US president sends letter to Prime Minister Imran Khan just weeks after spat with Islamabad
Donald Trump seeks Pakistan's help for peace with Afghan Taliban
President Donald Trump has written to Prime Minister Imran Khan asking for Pakistan's help with Afghan peace talks, Pakistani officials said on Monday, just weeks after he accused Islamabad of doing nothing to help the US fight against terrorism despite receiving billions of dollars in aid.
“He has asked for our help to bring the Afghan Taliban on the negotiating table," Information Minister Fawad Chaudhry told The National.
Mr Khan suggested he had responded positively to the request. “I have promised Islamabad will make all possible efforts" to help resolve the Afghan conflict, the prime minister told reporters on Monday.
Mr Trump said in his letter that "his most important regional priority was achieving a negotiated settlement of the Afghan war", according to Pakistan's foreign ministry. "In this regard, he has sought Pakistan’s support and facilitation."
President Trump also acknowledged that the war had been costly for both the US and Pakistan. He emphasised that Pakistan and US should explore opportunities to work together and renew the partnership, the foreign ministry said.

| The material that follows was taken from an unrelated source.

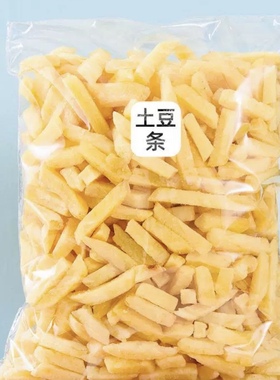 土豆条 膨化食品 美式crispy Potato chips instant puffed food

“Since Pakistan has always advocated a political settlement to end war in Afghanistan, the US decision is welcomed," it said. "Pakistan reiterates its commitment to play a facilitation role in good faith. Peace and stability in Afghanistan remains a shared responsibility.”

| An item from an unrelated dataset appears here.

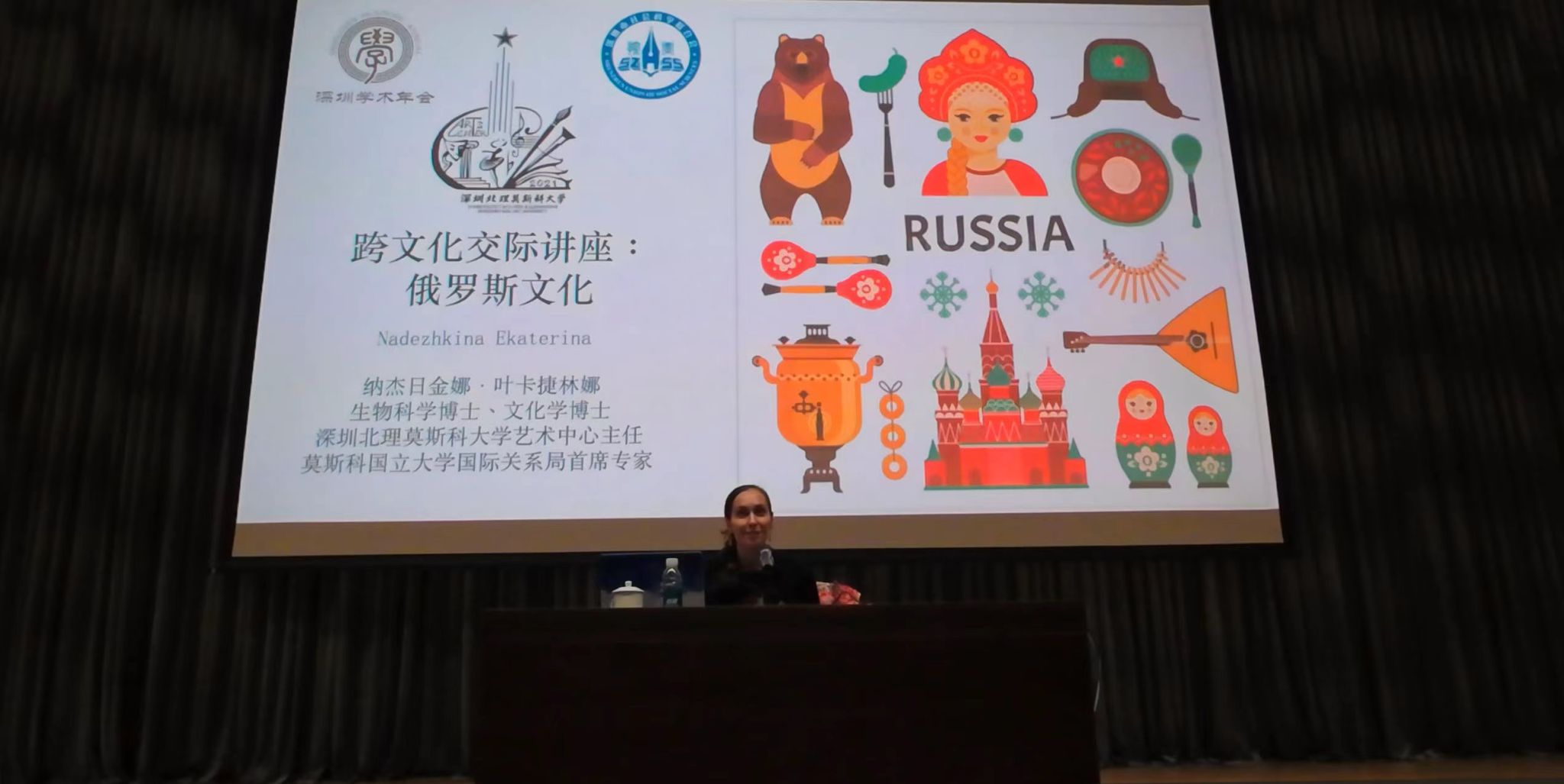 南山博物館講座照片 (3).jpg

The revelation of President Trump's letter comes as the US special envoy for Afghan Zalmay Khalilzad was expected in Islamabad on Tuesday for his third visit since being appointed in September.

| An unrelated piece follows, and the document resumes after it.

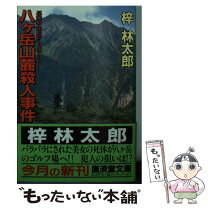 楽天市場】山岳ミステリー小説の通販 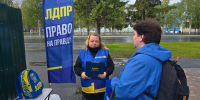 Более 560 тысяч подписей по всей России: жители Ямала внесли свой вклад в инициативу ЛДПР за поддержку семей - ЛДПР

A US Embassy spokesman in Islamabad declined to comment, but a senior Pakistani official who has seen Mr Trump's letter told The National that its contents would be discussed with Mr Khalilzad.
Experts said Mr Trump's letter was a diplomatic victory for Islamabad and a recognition of Pakistan's importance in achieving peace in Afghanistan.
“Pakistan’s rhetoric that others need to do more has worked as eccentric Donald Trump had been forced to realise by his Pentagon that no country better understands the Afghan conundrum than Pakistan,” Qamar Cheema, a political analyst in Islamabad, told The National.
“Pakistan must be engaged in Afghanistan, where the role of other regional actors, specifically India, in peace efforts will be reassessed on Pakistan’s request," he said.
The US has stepped up efforts to resolve 17-year Taliban insurgency through peace talks as the militants carry out increasingly deadly attacks on Afghan security forces and members of the US-led Nato support mission.
Amid mounting casualties including several US personnel, Mr Trump said in an interview last month that he had cancelled assistance to Pakistan worth hundreds of millions of dollars earlier this year because "they don't do a damn thing for us". He also accused Islamabad of knowing the whereabouts of Al Qaeda leader Osama bin Laden before he was killed by US troops in a 2011 raid inside Pakistan.
The remarks triggered an angry Twitter exchange with Mr Khan, who said Washington should not blame Pakistan for its failures in Afghanistan.
US officials believe Pakistan holds influence over the Afghan Taliban after years of supporting the hardline militants and providing them with safe haven. The Taliban seek to restore the strict Sharia they imposed in the country before they were toppled in the 2001 US-led invasion. The group refuses to hold talks with the US-backed government in Kabul, dismissing it as a puppet of the West.
The Taliban's political office in Doha has confirmed holding two rounds of talks with Mr Khalilzad so far. The US envoy last month that he hoped to reach a peace agreement before April next year, when Afghanistan is scheduled to hold a presidential election, but the Taliban rejected his deadline.